Provided records section start

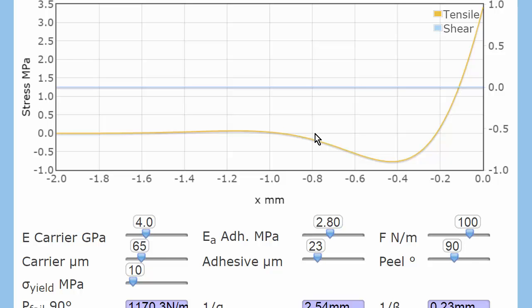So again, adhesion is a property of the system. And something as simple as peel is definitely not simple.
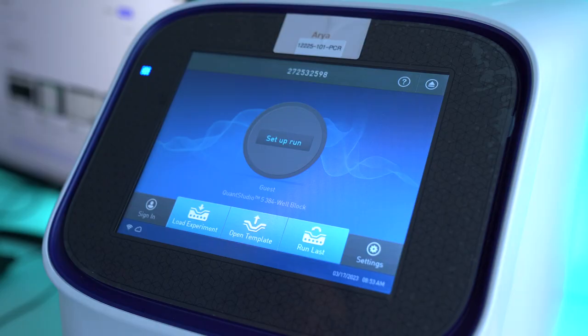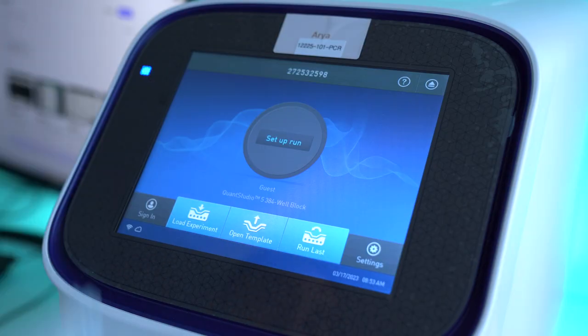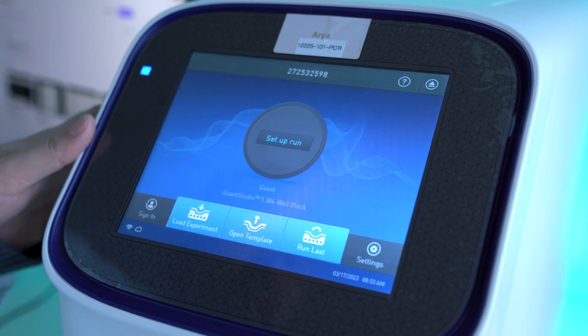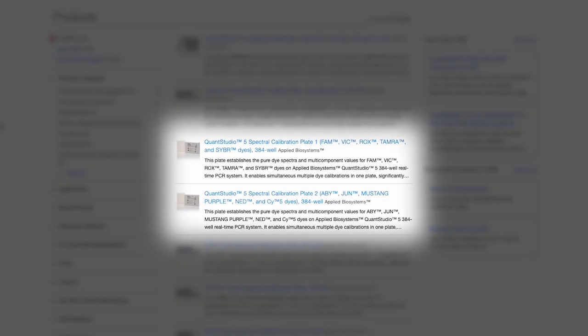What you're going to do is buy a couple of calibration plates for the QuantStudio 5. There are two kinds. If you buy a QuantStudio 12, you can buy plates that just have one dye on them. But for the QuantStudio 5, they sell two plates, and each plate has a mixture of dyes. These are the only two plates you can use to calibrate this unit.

Provided records section end
Provided records section start

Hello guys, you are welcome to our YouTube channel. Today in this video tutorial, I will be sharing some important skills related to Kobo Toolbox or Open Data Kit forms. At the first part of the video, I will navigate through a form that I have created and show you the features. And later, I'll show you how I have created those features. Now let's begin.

Provided records section end
Provided records section start

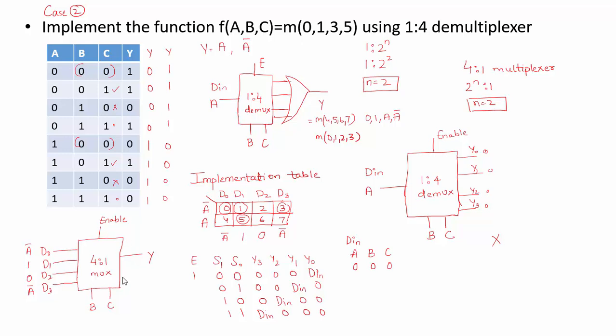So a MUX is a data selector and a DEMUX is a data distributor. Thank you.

Provided records section end

Using the data above, return the lines from the one holding "So again, adhesion" through the one holding "What you're going" exactly, but not the pictures.

So again, adhesion is a property of the system. And something as simple as peel is definitely not simple.
What you're going to do is buy a couple of calibration plates for the QuantStudio 5. There are two kinds. If you buy a QuantStudio 12, you can buy plates that just have one dye on them. But for the QuantStudio 5, they sell two plates, and each plate has a mixture of dyes. These are the only two plates you can use to calibrate this unit.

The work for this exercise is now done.